You’re in the role of the fellow who writes the letter?
PF:
Yeah. [laughing]
I’m the Barrymore of the Yiddish theatre.
AFG:
So
were you interested in mysteries before the
Columbo series?
PF:
Not really, no.
No, if you ask me about mysteries, I didn’t read a lot of mysteries!
I had read a little Sherlock Holmes and, like the rest of world, I was
very impressed with that. I thought
that his insights into clues and into what really happened were genuinely
brilliant and surprising and unanticipated. And I loved the relationship between
Dr. Watson and Sherlock Holmes but, and I think I talk about this in the book,
or at least I insinuate it in the book, and that is that Sherlock Holmes was an
impressive person. He was a formidable figure.

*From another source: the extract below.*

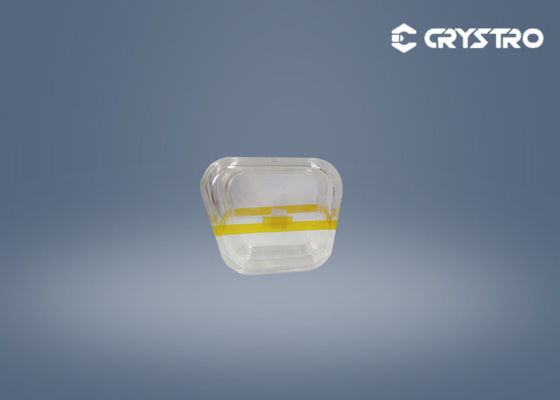 8mm 테르븀 갈륨 가넷 TGG 크리스탈 블록 양면 연마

If he entered a room you would be very aware of his power...
AFG:
…and intimidated.
PF:
Intimidating.
Exactly. Exactly!
But what struck me as being interesting would be to play a guy that in
every respect was just as common as the guy next door, the kind of guy who would
be working in a gasoline station, but one thing distinguished him from everybody
else—his ability to catch the guy who committed murder.
So you have the greatest living detective on the planet who, as I said in
the book, dressed like the gardener, and it was that thing that distinguished
him from Sherlock Holmes. And that
was good for me because, as I said in the book, I sound like I’m from the
street. I dress in life like I’m
from the street, and I thought that being ordinary . . . that’s easy for me.
AFG:
And it’s easy for the criminal to feel
he’s gotten comfortable with you and then make mistakes.
If I were a criminal and if I had met Sherlock Holmes, I’d make sure to
have all my lies and anything else well-rehearsed beforehand.
PF:
That’s just exactly right.
The more they were willing to slough me off—you know, I was just another
schmuck—the better I felt, because that’s what I wanted.
I wanted them to think that.
So anyway, doing Columbo was . . . you
know, you got to be lucky as an actor.
Luck has a great deal to do with it.
I often mention the fact that Jason Robards, when we did
The Iceman Cometh—whichever year that
was in the middle 50s—had been acting in New York for fifteen years.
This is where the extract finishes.